**Data supplied:**
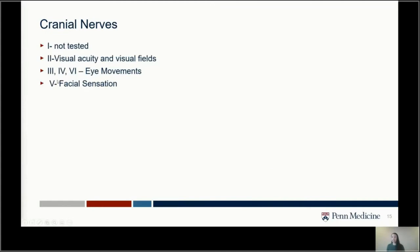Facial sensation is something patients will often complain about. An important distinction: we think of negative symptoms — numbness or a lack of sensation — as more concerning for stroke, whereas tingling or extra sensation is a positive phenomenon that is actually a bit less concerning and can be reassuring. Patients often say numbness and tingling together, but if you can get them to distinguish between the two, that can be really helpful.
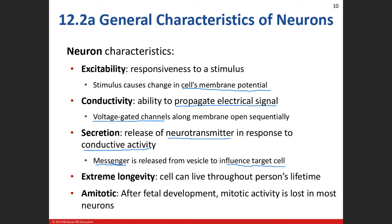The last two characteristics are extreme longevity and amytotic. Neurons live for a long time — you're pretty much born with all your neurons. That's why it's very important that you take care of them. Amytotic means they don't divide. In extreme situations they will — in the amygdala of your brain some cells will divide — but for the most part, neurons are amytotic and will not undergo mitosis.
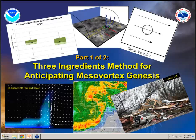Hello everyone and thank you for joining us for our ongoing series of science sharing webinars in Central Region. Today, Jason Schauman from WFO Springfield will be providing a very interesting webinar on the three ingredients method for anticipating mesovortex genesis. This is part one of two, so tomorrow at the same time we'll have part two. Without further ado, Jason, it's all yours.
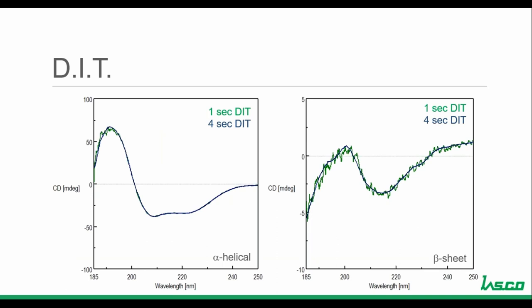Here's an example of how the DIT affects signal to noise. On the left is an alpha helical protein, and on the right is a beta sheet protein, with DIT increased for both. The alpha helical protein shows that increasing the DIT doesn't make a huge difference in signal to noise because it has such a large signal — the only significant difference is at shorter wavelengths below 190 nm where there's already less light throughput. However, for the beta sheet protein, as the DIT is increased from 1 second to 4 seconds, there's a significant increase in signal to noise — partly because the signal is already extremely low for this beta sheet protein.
---
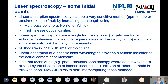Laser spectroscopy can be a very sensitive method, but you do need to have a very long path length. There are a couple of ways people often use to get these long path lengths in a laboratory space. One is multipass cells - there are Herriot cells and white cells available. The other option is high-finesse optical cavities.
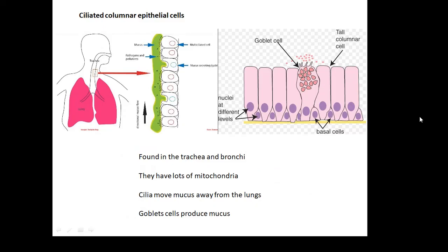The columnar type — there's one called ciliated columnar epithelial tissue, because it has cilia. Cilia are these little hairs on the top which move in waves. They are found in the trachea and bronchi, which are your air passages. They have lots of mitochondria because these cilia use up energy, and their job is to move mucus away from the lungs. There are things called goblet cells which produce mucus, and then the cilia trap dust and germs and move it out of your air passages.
==
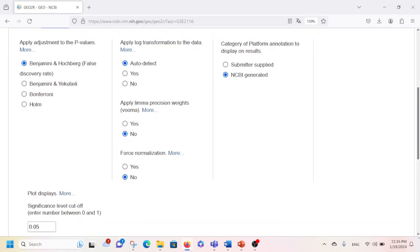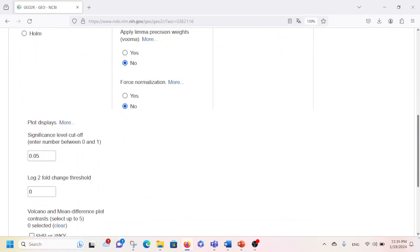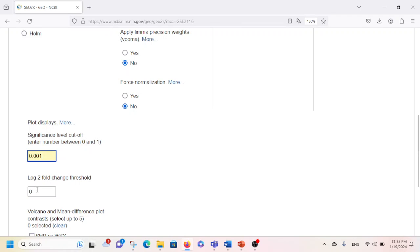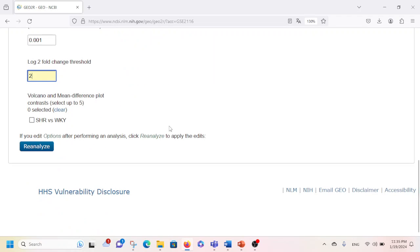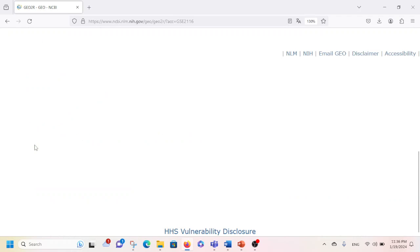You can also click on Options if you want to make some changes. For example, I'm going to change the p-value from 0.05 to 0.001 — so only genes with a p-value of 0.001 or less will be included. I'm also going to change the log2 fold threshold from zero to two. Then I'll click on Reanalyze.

**Problem details:**
Above are the records; copy exactly the lines from the one with "Facial sensation is" through the one with "Hello everyone and", including both, and nothing more. Leave out pictures.

**Response:**
Facial sensation is something patients will often complain about. An important distinction: we think of negative symptoms — numbness or a lack of sensation — as more concerning for stroke, whereas tingling or extra sensation is a positive phenomenon that is actually a bit less concerning and can be reassuring. Patients often say numbness and tingling together, but if you can get them to distinguish between the two, that can be really helpful.
The last two characteristics are extreme longevity and amytotic. Neurons live for a long time — you're pretty much born with all your neurons. That's why it's very important that you take care of them. Amytotic means they don't divide. In extreme situations they will — in the amygdala of your brain some cells will divide — but for the most part, neurons are amytotic and will not undergo mitosis.
Hello everyone and thank you for joining us for our ongoing series of science sharing webinars in Central Region. Today, Jason Schauman from WFO Springfield will be providing a very interesting webinar on the three ingredients method for anticipating mesovortex genesis. This is part one of two, so tomorrow at the same time we'll have part two. Without further ado, Jason, it's all yours.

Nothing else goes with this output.